Scope: We are at a critical juncture where the UK needs to define its role in dramatically different circumstances to those we have previously worked to. As articulated by the House of Lords International Relations Committee: “in a world where influence can no longer be taken for granted and where shifts in economic and political power relationships are not working to our advantage, a more agile, active and flexible approach to foreign policy must now be developed”. This necessitates a holistic reassessment of the UK’s strategic aims and how we measure success, and a deep understanding of security challenges and the policy responses to address them. Lessons from Operation Shader and other military partnerships illustrate crucial gaps in information and policy, and ongoing flaws in how we have evaluated operational success to date. With the rise of ‘grey zones’ of military operations that fall below the threshold of all-out war, the Review will not only need to address these gaps to ensure effective policy, but address the fundamental rules by which the UK intends to work, and the global environment it wishes to see.

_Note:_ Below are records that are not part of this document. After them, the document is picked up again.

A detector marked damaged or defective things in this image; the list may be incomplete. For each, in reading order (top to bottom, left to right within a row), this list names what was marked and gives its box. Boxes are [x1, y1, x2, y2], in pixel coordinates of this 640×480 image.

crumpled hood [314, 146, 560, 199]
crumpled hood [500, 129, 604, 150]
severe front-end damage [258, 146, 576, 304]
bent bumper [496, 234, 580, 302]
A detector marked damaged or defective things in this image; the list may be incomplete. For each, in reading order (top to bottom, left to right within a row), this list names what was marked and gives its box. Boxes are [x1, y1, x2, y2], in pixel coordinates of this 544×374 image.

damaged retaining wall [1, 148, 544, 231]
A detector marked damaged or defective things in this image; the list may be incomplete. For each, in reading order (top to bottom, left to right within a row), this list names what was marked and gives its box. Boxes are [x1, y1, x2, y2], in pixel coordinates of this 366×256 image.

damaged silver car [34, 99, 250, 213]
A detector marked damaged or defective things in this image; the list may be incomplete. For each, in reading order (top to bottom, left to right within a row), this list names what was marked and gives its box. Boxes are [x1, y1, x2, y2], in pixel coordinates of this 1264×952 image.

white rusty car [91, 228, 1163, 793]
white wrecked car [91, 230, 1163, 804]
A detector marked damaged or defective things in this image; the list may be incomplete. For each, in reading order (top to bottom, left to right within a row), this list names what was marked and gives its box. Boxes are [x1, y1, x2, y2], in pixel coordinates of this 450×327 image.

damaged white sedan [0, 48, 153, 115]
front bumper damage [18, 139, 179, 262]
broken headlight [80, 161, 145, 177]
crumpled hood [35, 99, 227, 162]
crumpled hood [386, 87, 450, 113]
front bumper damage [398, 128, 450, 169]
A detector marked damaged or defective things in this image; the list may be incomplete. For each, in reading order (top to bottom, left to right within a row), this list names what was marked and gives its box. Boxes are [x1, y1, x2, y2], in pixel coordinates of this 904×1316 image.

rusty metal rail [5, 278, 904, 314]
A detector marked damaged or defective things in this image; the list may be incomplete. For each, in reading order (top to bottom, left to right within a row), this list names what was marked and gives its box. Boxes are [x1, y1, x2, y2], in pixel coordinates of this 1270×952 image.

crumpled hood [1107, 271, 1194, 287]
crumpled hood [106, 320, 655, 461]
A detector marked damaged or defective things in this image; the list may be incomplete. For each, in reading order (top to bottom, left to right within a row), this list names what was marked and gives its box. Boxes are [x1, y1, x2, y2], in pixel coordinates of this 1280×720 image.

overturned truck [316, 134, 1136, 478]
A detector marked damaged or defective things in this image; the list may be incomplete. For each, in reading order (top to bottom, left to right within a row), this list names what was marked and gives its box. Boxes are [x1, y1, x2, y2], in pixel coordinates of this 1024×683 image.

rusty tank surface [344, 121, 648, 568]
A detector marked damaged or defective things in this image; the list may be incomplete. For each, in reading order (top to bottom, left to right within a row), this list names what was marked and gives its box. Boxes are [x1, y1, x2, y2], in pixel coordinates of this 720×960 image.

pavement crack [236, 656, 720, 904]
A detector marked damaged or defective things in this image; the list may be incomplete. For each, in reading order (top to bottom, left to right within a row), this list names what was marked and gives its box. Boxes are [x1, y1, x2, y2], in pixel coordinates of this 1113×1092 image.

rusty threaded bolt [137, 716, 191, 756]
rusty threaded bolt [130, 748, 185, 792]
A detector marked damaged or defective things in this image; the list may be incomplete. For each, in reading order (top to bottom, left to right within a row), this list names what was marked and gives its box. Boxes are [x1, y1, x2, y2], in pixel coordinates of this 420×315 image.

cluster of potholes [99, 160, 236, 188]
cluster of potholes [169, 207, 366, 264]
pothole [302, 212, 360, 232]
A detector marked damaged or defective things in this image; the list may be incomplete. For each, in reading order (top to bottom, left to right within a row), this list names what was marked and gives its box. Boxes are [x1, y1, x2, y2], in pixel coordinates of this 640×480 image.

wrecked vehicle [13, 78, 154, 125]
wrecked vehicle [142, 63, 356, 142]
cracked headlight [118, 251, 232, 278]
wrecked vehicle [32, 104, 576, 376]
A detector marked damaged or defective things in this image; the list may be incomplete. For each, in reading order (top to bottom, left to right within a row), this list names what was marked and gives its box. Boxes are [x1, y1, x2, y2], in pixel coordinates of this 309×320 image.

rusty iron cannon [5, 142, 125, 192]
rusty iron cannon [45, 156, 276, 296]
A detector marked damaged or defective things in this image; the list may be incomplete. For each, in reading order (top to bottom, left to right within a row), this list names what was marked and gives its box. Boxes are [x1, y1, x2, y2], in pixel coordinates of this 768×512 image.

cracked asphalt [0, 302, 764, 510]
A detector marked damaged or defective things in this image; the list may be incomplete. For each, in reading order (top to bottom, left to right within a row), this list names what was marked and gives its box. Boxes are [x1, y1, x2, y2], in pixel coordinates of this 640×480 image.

Effectiveness: The Integrated Review offers a unique opportunity for Departments to engage in joined up analysis and implementation to create a more integrated, cohesive, agile and comprehensive set of foreign policy tools that effectively utilise both soft and hard power. By articulating shared outcomes, outlining roles and responsibilities for each department and clearly defining lines of oversight and assessment, the Strategy will adapt to a changing reality, ensuring it remains effective by design. In addition, The Integrated Review provides an opportunity to correct critical gaps in Parliamentary scrutiny and establish the necessary measures to ensure the effective and continuous evaluation of policy in Parliament.

Broad participation: Considering the scale and detail of the subject matter, a successful strategy will require significant input, most significantly from Parliamentarians, committees, subject matter experts and policymakers. The inclusion of Parliament will secure wider political buy-in, whilst committees would provide a wealth of institutional knowledge, expert networks, and an understanding of contemporary and emerging issues.